=== DATA LISTING ===

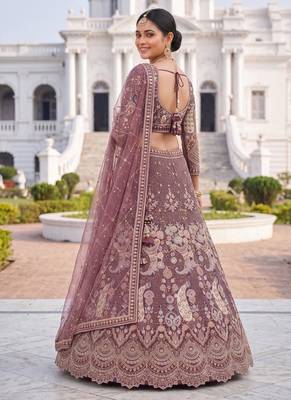 Exquisite Dusty perpal Embroidered Lehenga Choli Set for Wedding & Festive Wear 3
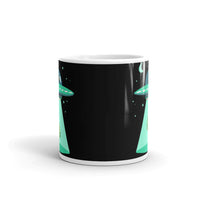 Bigfoot Abducting Dino White glossy mug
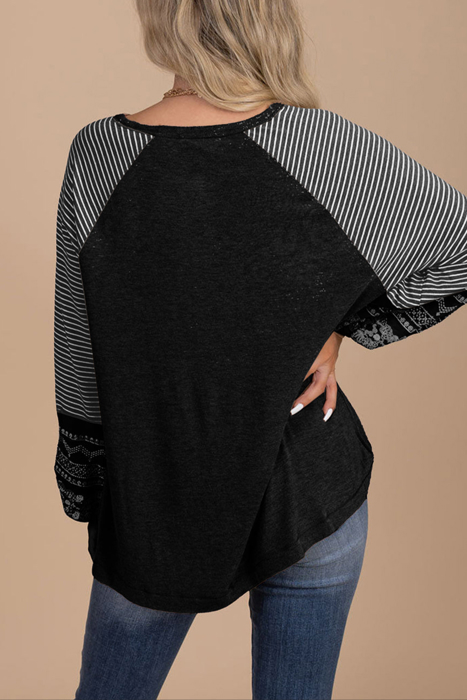 HIDDEN GEMS | Stripe Patchwork Long Sleeve Top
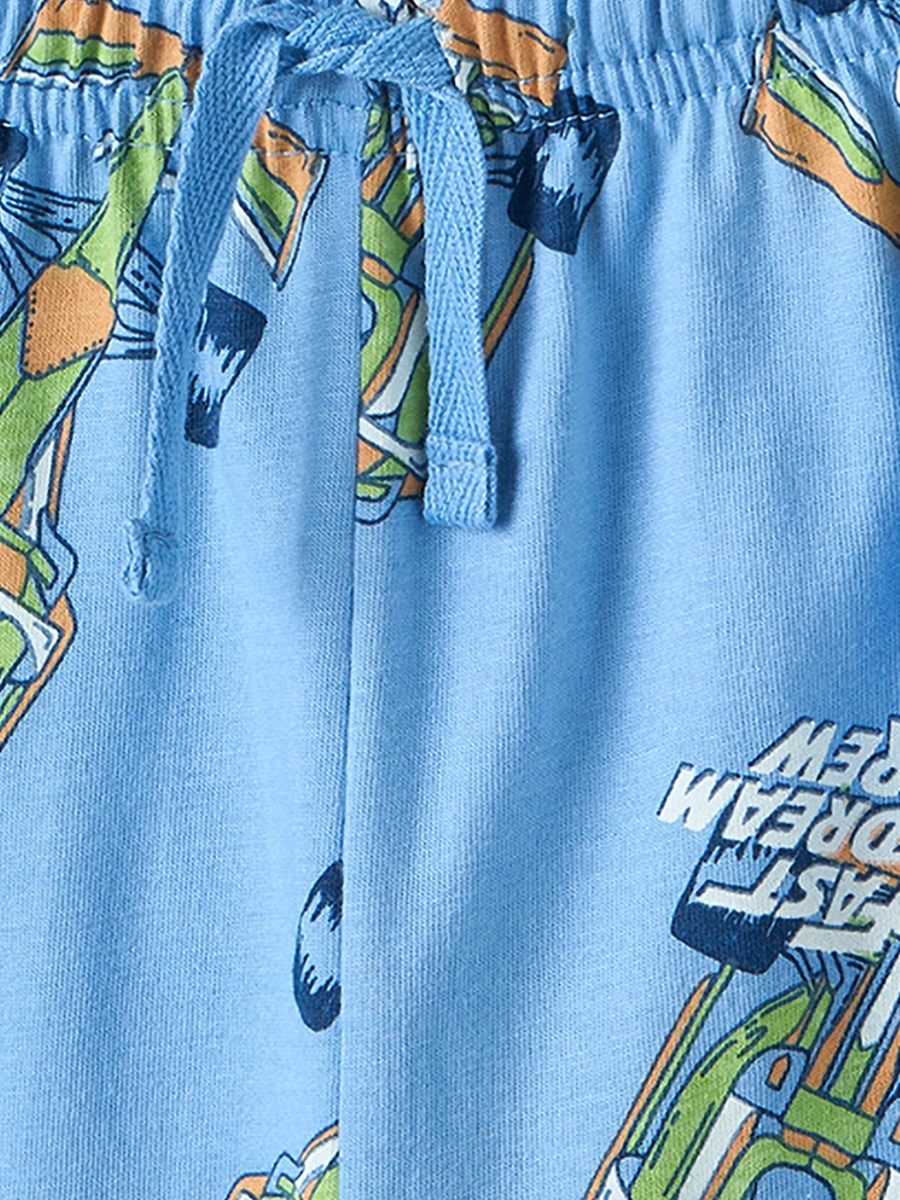 Cotton Crew Neck Short Sleeves Pyjama Set with Racing Car Print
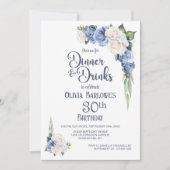 Blauw-witte bloemendiner en Drinken 30e verjaardag Kaart (Voorkant)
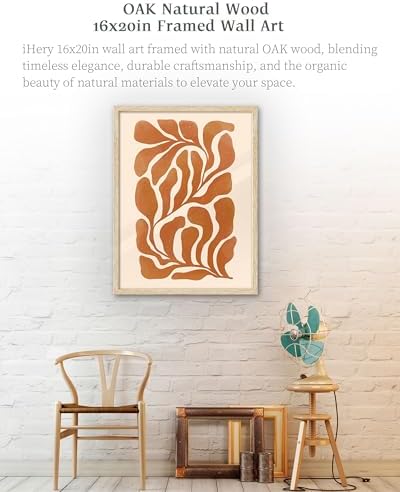 iHery 16x20in Natural OAK Wood Framed Burnt Orange Botanical Wall Art - Image 2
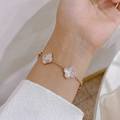 Bracelet en or rose avec deux pendentifs en trèfle de nacre blanche pour femmes - 19# Style Trèfle Nacre Or Rose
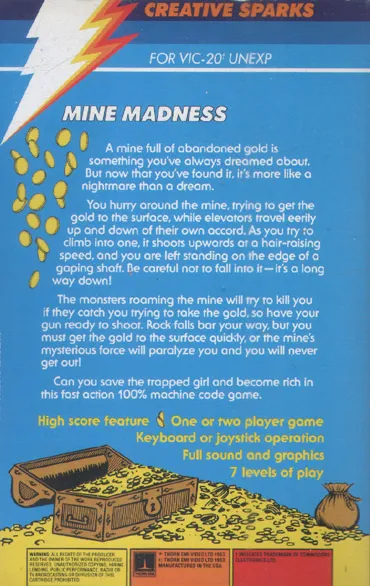 Mine Madness box back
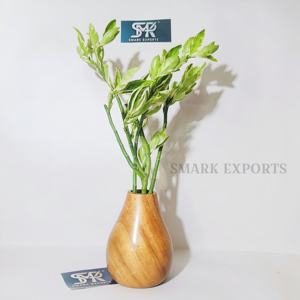 Jarrón de madera natural y maceta para centro de mesa, decoración de hogar y oficina, artesanía de jardín ligera y duradera ecológica - Product Image 1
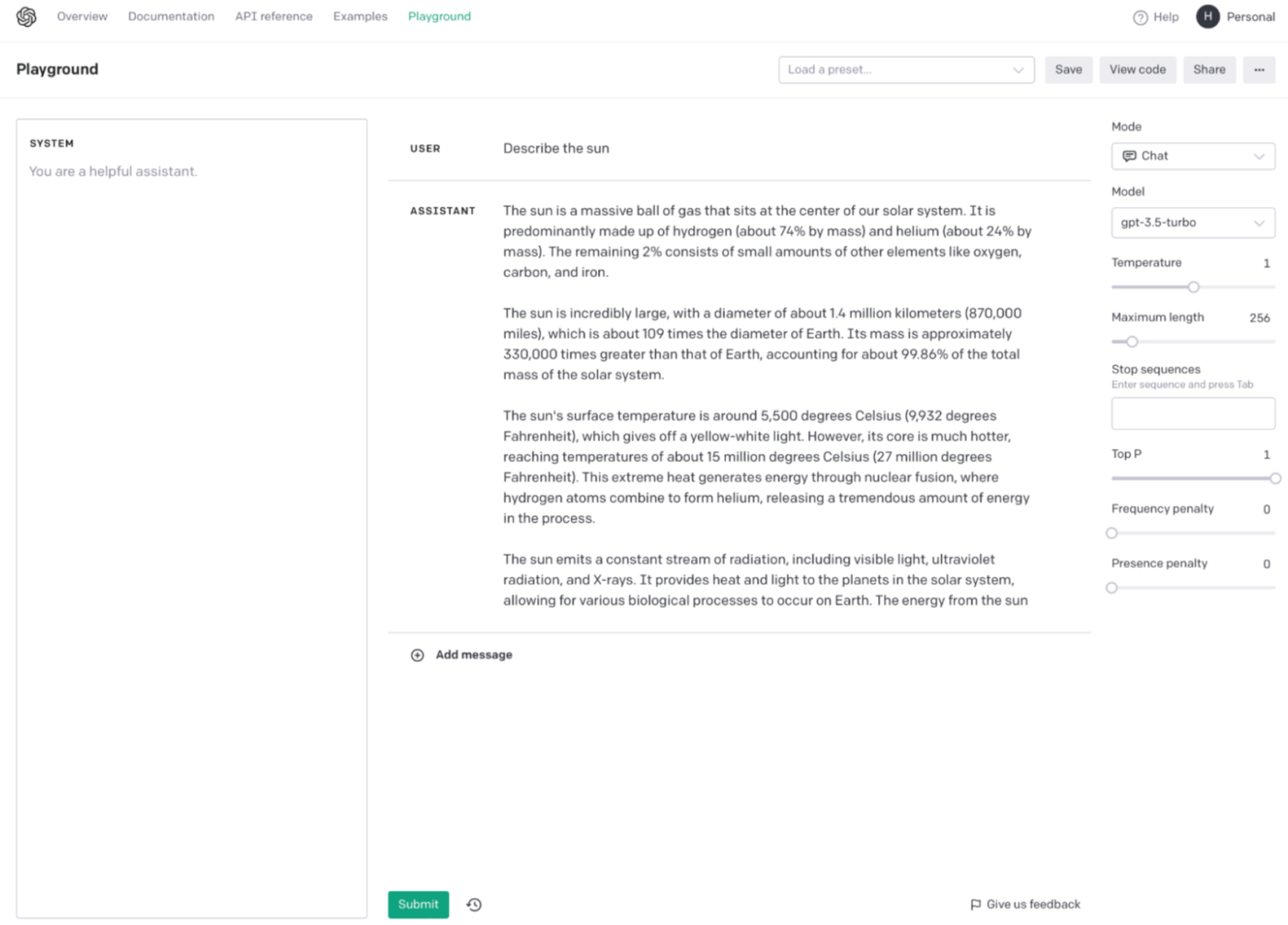 The OpenAI playground with both penalties set to 2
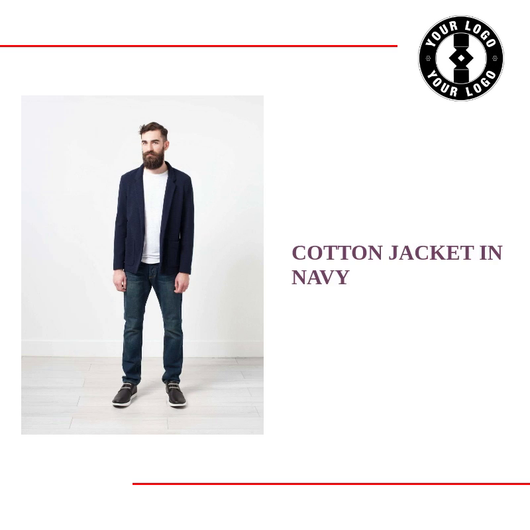 Cotton Jacket in Navy by@Outfy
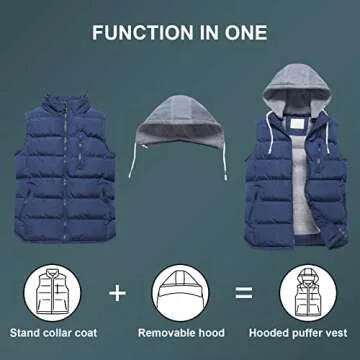 CREATMO US Womens Quilted Hooded Vest Outerwear Stand Collar Gilet For Spring Fall Winter Navy L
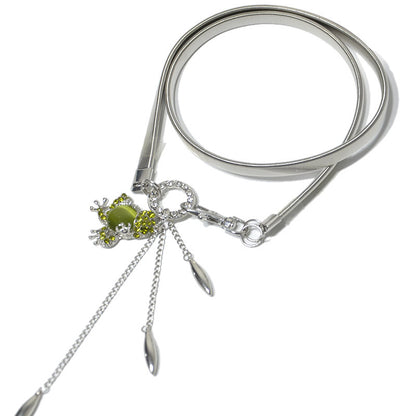 Rhinestone crystal inlaid metal spring waist chain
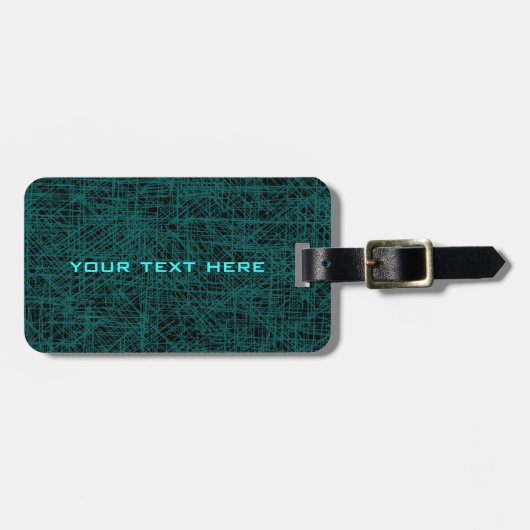 Étiquette À Bagage Balise de bagage Cyan "Scratch" (Devant horizontal)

===

WHAT TO WORK ON -> Any images must be left out; transcribe the rest of the material exactly.

EXERCISE ANSWER ->
 Exquisite Dusty perpal Embroidered Lehenga Choli Set for Wedding & Festive Wear 3
 Bigfoot Abducting Dino White glossy mug
 HIDDEN GEMS | Stripe Patchwork Long Sleeve Top
 Cotton Crew Neck Short Sleeves Pyjama Set with Racing Car Print
 Blauw-witte bloemendiner en Drinken 30e verjaardag Kaart (Voorkant)
 iHery 16x20in Natural OAK Wood Framed Burnt Orange Botanical Wall Art - Image 2
 Bracelet en or rose avec deux pendentifs en trèfle de nacre blanche pour femmes - 19# Style Trèfle Nacre Or Rose
 Mine Madness box back
 Jarrón de madera natural y maceta para centro de mesa, decoración de hogar y oficina, artesanía de jardín ligera y duradera ecológica - Product Image 1
 The OpenAI playground with both penalties set to 2
 Cotton Jacket in Navy by@Outfy
 CREATMO US Womens Quilted Hooded Vest Outerwear Stand Collar Gilet For Spring Fall Winter Navy L
 Rhinestone crystal inlaid metal spring waist chain
 Étiquette À Bagage Balise de bagage Cyan "Scratch" (Devant horizontal)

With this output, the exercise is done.